Task goal =
Any picture in the data below gets skipped; print all the rest exactly.

Provided data =
========

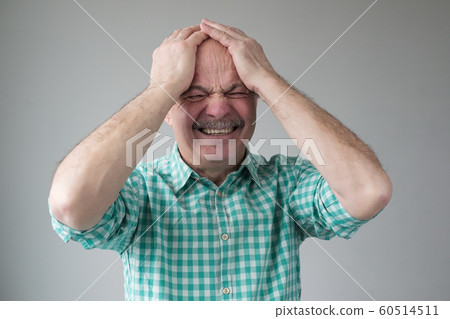 Thinking caucasian senior man holding hands on head. 60514511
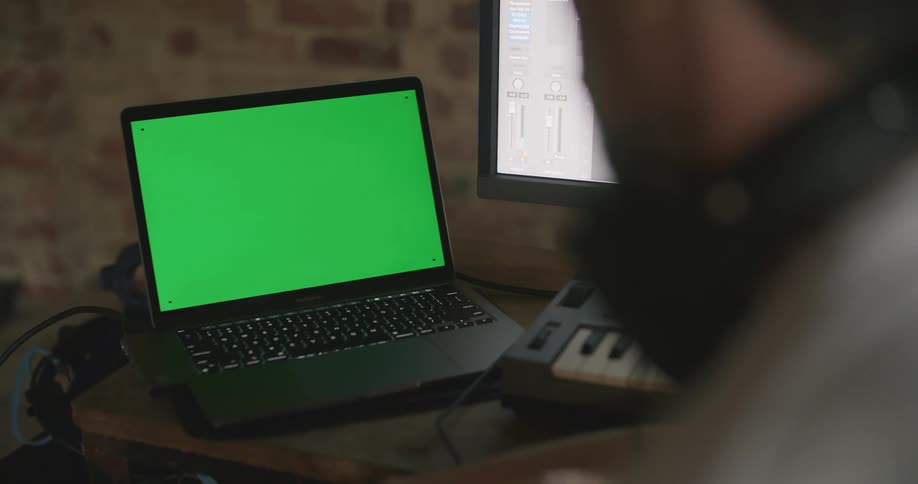 A person with headphones sitting at a desk with a laptop keyboard and a computer
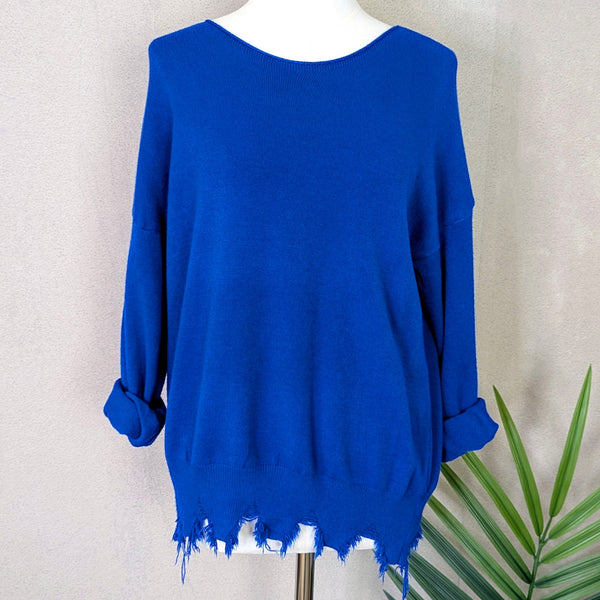 Super soft jumper with fashionable distressed hem line (S-M)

========

Exercise result =
 Thinking caucasian senior man holding hands on head. 60514511
 A person with headphones sitting at a desk with a laptop keyboard and a computer
 Super soft jumper with fashionable distressed hem line (S-M)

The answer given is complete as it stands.